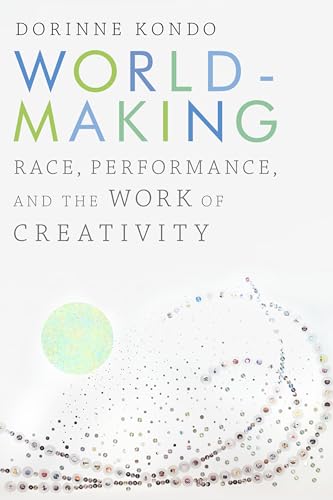 Imagen de archivo de Worldmaking: Race, Performance, and the Work of Creativity a la venta por HPB-Red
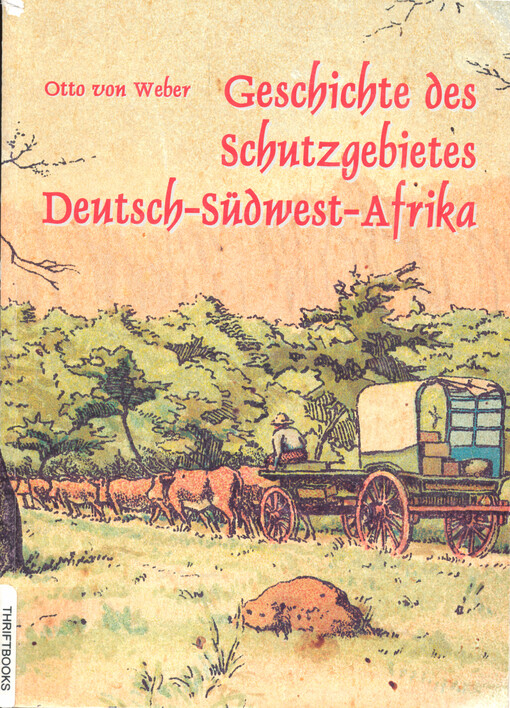 Geschichte des Schutzgebietes Deutsch-Südwest-Afrika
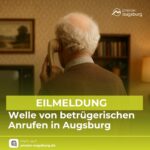 Eilmeldung | Welle von betrügerischen Anrufen in Augsburg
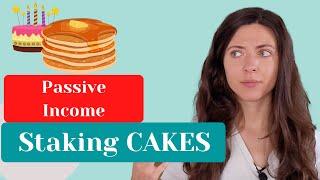 Staking Cake on Pancake Swap | The Truth about Staking Crypto for Passive Income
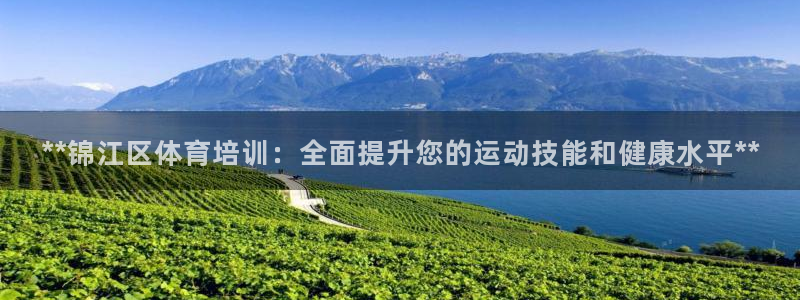 欧陆娱乐微信众：**锦江区体育培训：全面提升您的运动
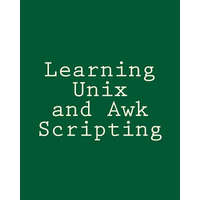  Learning Unix and Awk Scripting: Advanced Awk and Ksh Script Examples For Programmers To Study, Hack, and Learn – Bill Tsai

******

Each line from the one containing "Eilmeldung | Welle" through the last line of the entries above should be duplicated exactly, both included; leave out pictures and add nothing.

--- REPLY ---
 Eilmeldung | Welle von betrügerischen Anrufen in Augsburg
 Staking Cake on Pancake Swap | The Truth about Staking Crypto for Passive Income
 欧陆娱乐微信众：**锦江区体育培训：全面提升您的运动
  Learning Unix and Awk Scripting: Advanced Awk and Ksh Script Examples For Programmers To Study, Hack, and Learn – Bill Tsai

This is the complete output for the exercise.